[[ Records, beginning ]]
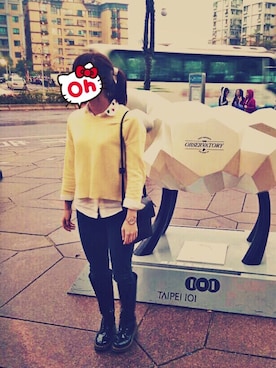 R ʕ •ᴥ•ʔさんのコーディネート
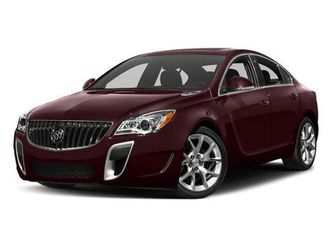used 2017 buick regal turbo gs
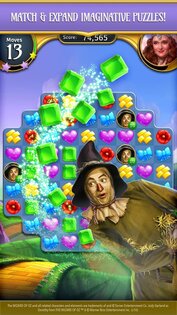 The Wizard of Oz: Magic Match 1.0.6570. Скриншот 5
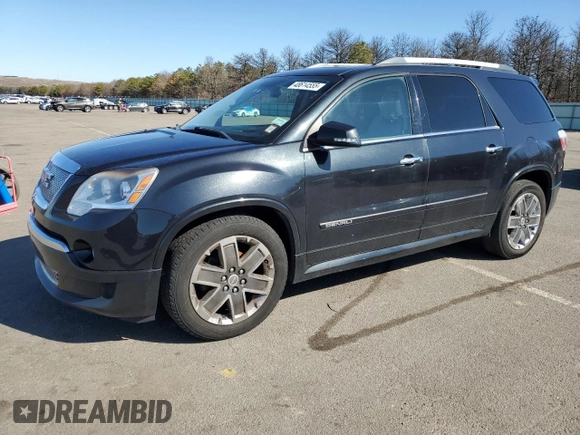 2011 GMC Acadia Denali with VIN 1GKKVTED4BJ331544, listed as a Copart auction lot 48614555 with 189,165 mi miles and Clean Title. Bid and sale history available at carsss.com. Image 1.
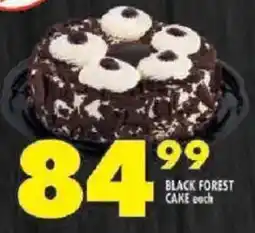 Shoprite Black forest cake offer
[[ Records, end ]]
**Aim of the exercise**
Give every line above again exactly, omitting whatever pictures appear.

**Reply**
 R ʕ •ᴥ•ʔさんのコーディネート
used 2017 buick regal turbo gs
 The Wizard of Oz: Magic Match 1.0.6570. Скриншот 5
 2011 GMC Acadia Denali with VIN 1GKKVTED4BJ331544, listed as a Copart auction lot 48614555 with 189,165 mi miles and Clean Title. Bid and sale history available at carsss.com. Image 1.
 Shoprite Black forest cake offer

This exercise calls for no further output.